Jefferies & Co. and two of its executives settled with the Securities and Exchange Commission on Monday over providing Fidelity mutual fund traders with $2 million worth of illegal gifts and entertainment to secure their trading business.

The firm, its director of equities, Scott Jones, and Kevin Quinn, a former senior vice president and equity sales trader, agreed to the settlement proceedings. Quinn agreed to pay $1 in disgorgement and a civil penalty of $468,000, Jones is paying $50,000, and Jefferies is paying $4.2 million in disgorgement to the SEC and $5.5 million to the NASD.

The SEC found that Jefferies hired Quinn in 2002 to increase Jefferies’ brokerage business with Fidelity, with which Quinn had a pre-existing relationship. The firm provided Quinn with an annual $1.5 million travel and entertainment budget, which he used to lavish gifts on the advisor’s most successful equity traders and its head of equity trading between May 2002 and October 2004. The SEC also found that the firm and Jones failed to supervise Quinn’s misconduct.

The SEC found that Quinn provided the traders with golf trips that included lodging at expensive hotels and transportation via private jets. He also showered them with golf merchandise and other presents, and gave them tickets to major sporting events, Broadway shows and concerts.
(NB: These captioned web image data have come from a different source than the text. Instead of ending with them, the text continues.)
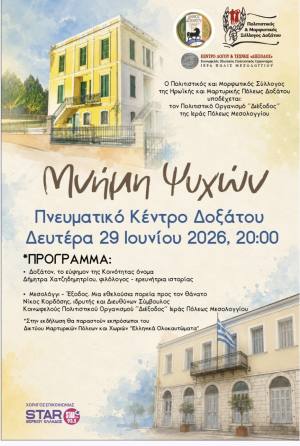 Η “Διέξοδος” τίμησε τη μνήμη των θυμάτων του Δοξάτου με ομιλία για την Έξοδο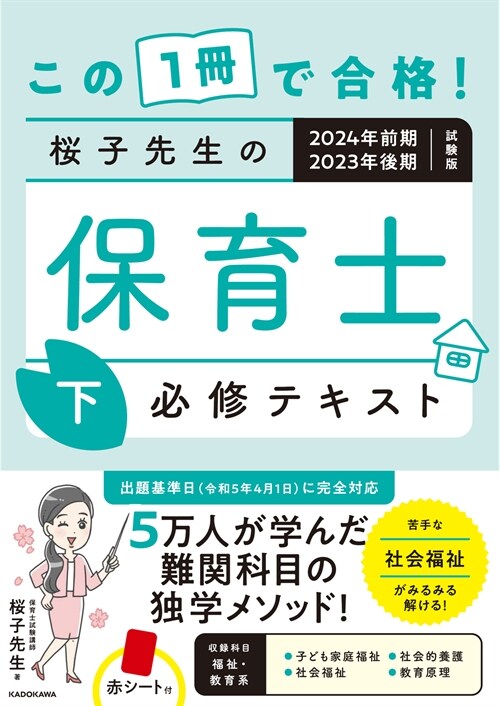 この1冊で合格! 櫻子先生の保育士 必修テキスト 下 2024年前期·2023年後期試驗版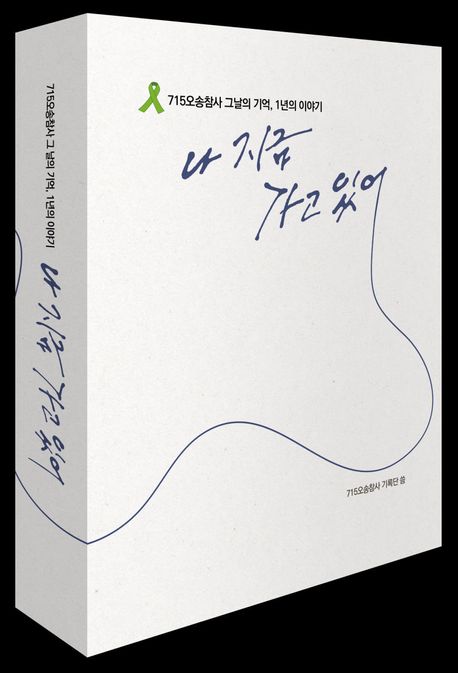 나 지금 가고 있어 | 715오송참사 기록단 - 교보문고
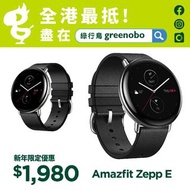 Amazfit Zepp E 智能手錶 (圓形錶盤)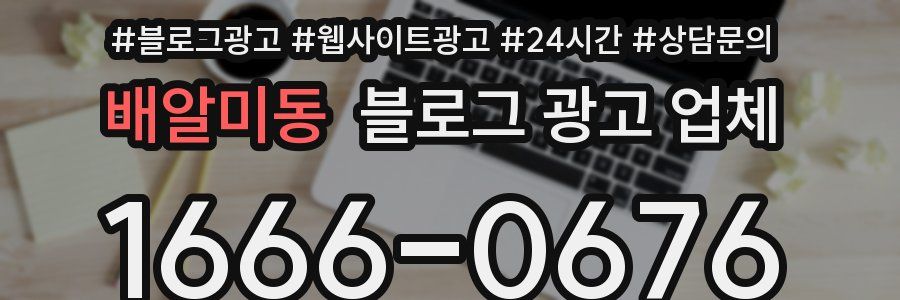 배알미동 블로그 광고 업체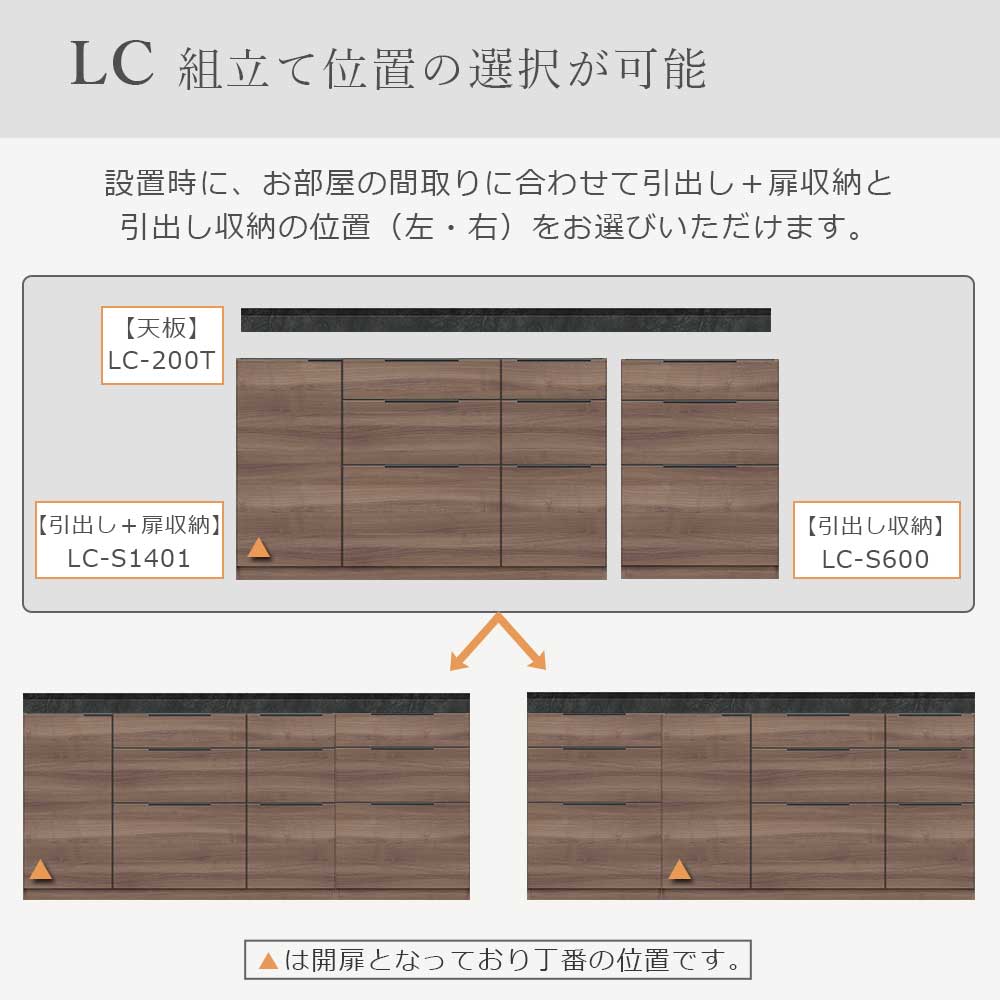 Pamouna(パモウナ)ユニットカウンター「LC-S1401・S600・200T」幅200cm 奥行46cm 高さ92.7cm 引出し+扉収納(扉:向かって左) 引出し収納 下台全4色 天板全2色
On one occasion, he even paid for one of the trader’s bachelor party in Miami.

“It is illegal for brokers to compensate mutual fund traders for brokerage business,” said Walter G. Ricciardi, deputy director of the SEC’s enforcement division. “The traders’ loyalty and allegiance are owed solely to investors, and such compensation may harm investors by impairing the traders’ objective judgment.